* **ASSIGNMENT**:
In this exercise, print only the lines of the records below from the one with "Wired and Wireless Design Options" through the one with "Opel Agila A EGR valve 72287500", inclusive. Pictures are not part of the copy.

[EXTRACTED RECORDS — start]

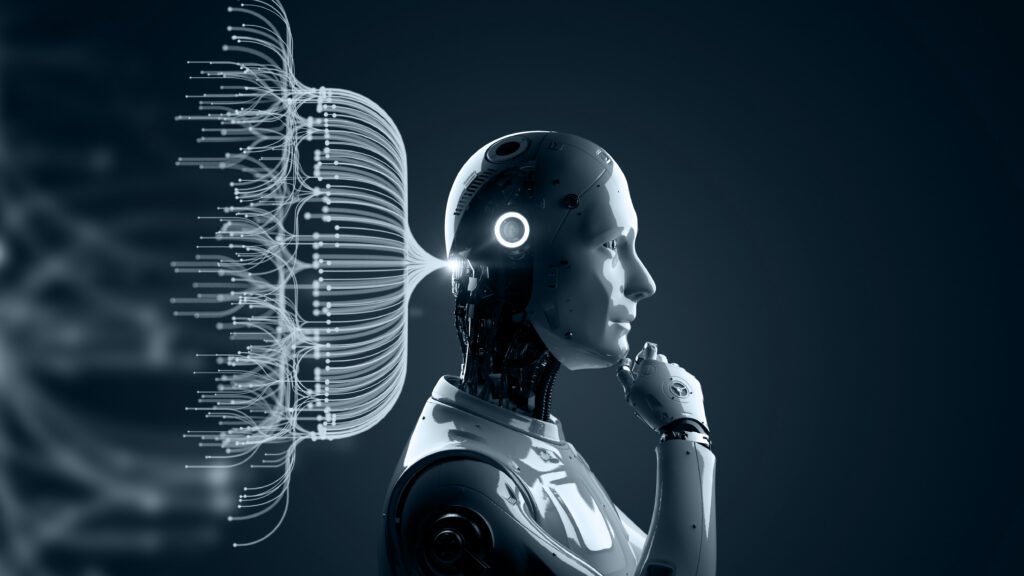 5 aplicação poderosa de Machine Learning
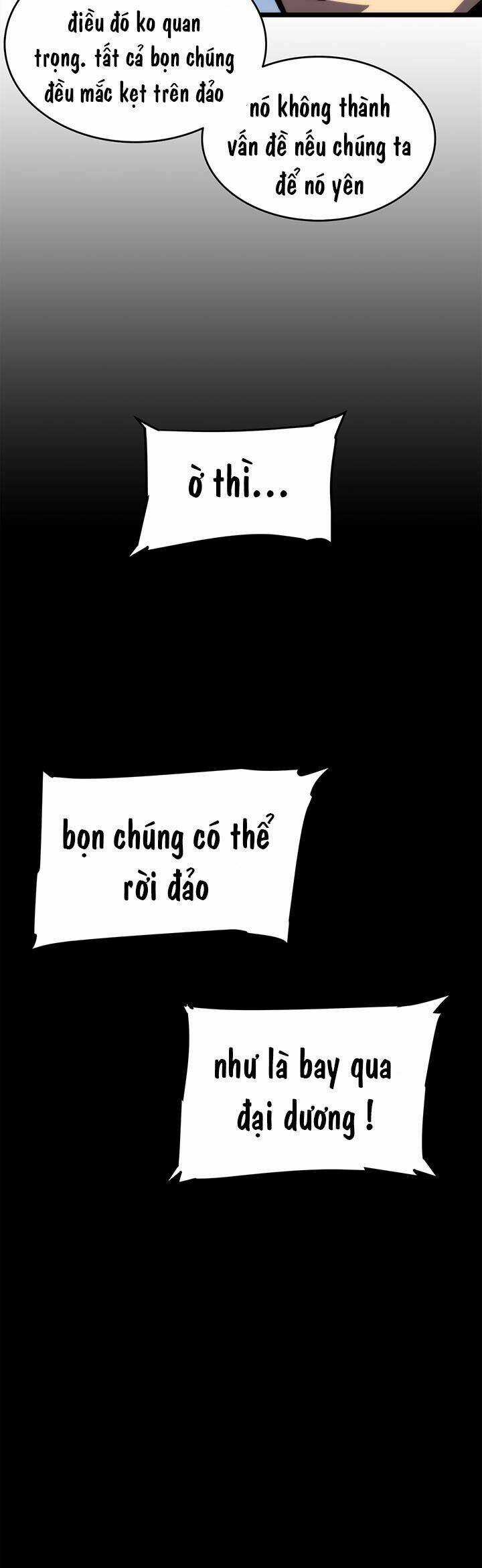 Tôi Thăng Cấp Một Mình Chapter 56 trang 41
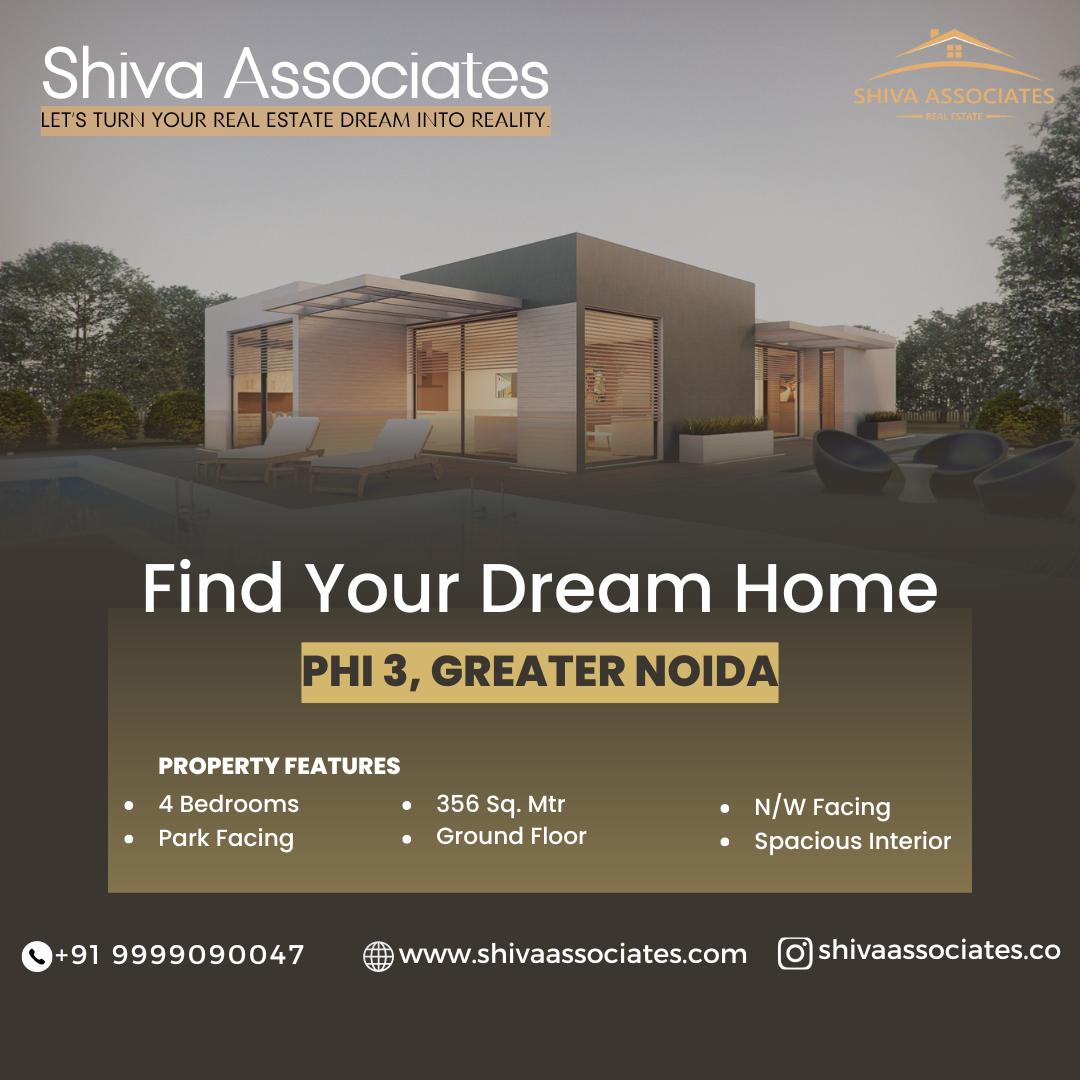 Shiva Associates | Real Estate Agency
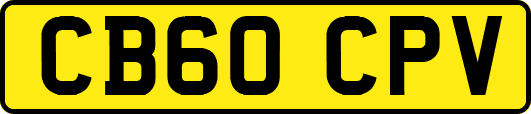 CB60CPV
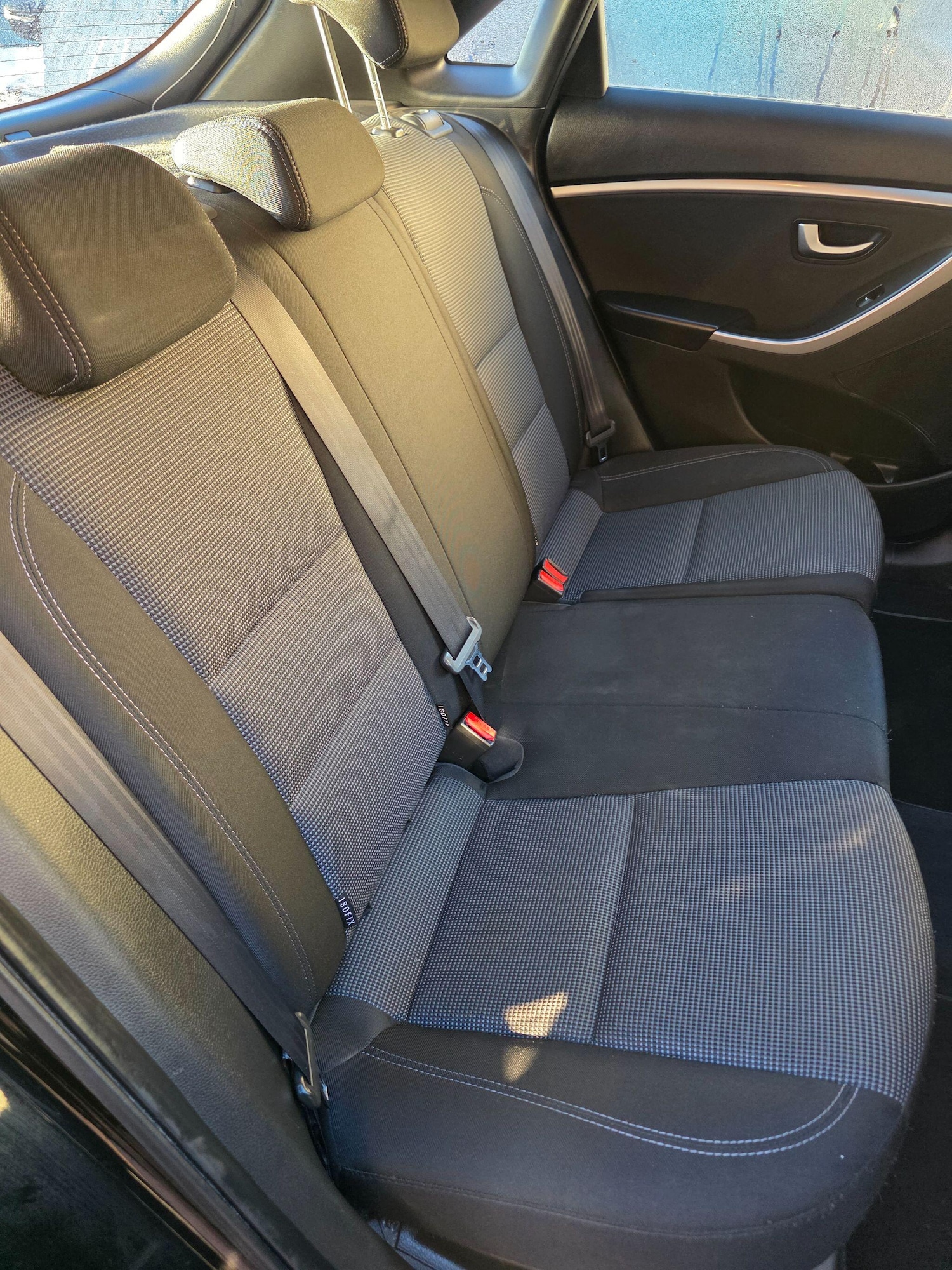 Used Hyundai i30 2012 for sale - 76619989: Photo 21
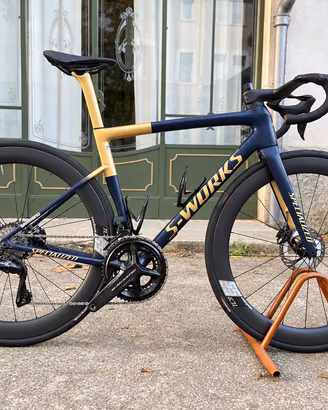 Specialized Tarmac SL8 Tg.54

[EXTRACTED RECORDS — finish]
[EXTRACTED RECORDS — start]

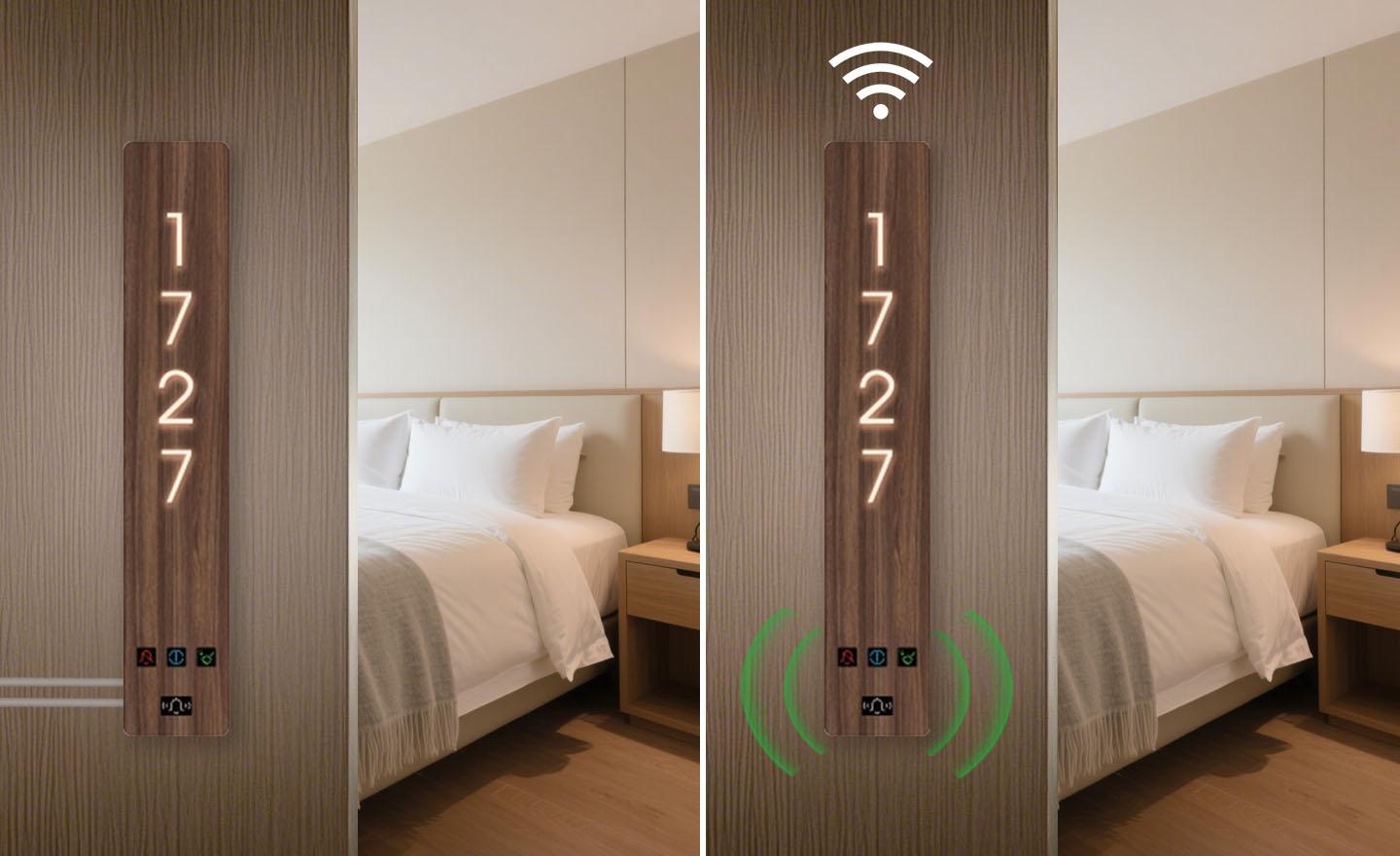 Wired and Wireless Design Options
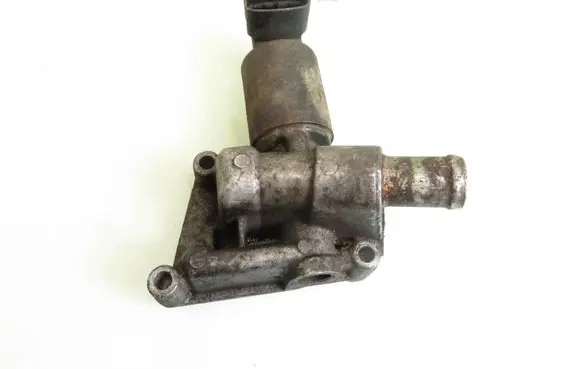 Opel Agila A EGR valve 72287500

[EXTRACTED RECORDS — finish]

* **EXERCISE SOLUTION**:
 Wired and Wireless Design Options
 Opel Agila A EGR valve 72287500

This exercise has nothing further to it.